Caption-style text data
Start of Block
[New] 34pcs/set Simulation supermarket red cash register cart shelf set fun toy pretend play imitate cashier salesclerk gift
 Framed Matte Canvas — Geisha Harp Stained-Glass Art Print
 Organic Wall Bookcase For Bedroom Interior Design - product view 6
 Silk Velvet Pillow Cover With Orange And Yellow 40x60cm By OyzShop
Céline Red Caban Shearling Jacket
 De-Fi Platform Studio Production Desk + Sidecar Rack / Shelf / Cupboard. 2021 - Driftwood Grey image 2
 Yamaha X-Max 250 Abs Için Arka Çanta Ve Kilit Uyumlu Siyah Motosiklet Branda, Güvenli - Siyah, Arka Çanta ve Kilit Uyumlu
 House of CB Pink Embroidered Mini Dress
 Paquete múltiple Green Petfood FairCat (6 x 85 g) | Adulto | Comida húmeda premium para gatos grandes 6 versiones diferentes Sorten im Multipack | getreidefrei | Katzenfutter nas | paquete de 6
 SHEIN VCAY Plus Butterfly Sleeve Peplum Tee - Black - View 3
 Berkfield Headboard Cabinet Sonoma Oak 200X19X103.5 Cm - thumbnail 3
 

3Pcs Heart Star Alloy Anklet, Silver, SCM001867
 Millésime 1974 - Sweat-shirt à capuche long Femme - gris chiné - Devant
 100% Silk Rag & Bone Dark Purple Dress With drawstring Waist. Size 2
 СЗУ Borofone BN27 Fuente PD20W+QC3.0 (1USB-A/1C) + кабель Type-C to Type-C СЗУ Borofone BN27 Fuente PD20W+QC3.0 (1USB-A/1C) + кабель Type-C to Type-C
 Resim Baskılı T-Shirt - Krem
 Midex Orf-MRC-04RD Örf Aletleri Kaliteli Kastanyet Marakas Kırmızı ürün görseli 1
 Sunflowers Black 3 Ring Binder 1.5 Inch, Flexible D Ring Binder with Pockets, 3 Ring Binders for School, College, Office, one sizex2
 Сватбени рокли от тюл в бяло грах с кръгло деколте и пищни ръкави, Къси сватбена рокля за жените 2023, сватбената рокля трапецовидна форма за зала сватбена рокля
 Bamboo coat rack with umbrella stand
End of Block
EXERCISE OBJECTIVE
Which lines of the records hold the string "Black"? Copy each one.

SOLUTION TO THIS EXERCISE
 SHEIN VCAY Plus Butterfly Sleeve Peplum Tee - Black - View 3
 Sunflowers Black 3 Ring Binder 1.5 Inch, Flexible D Ring Binder with Pockets, 3 Ring Binders for School, College, Office, one sizex2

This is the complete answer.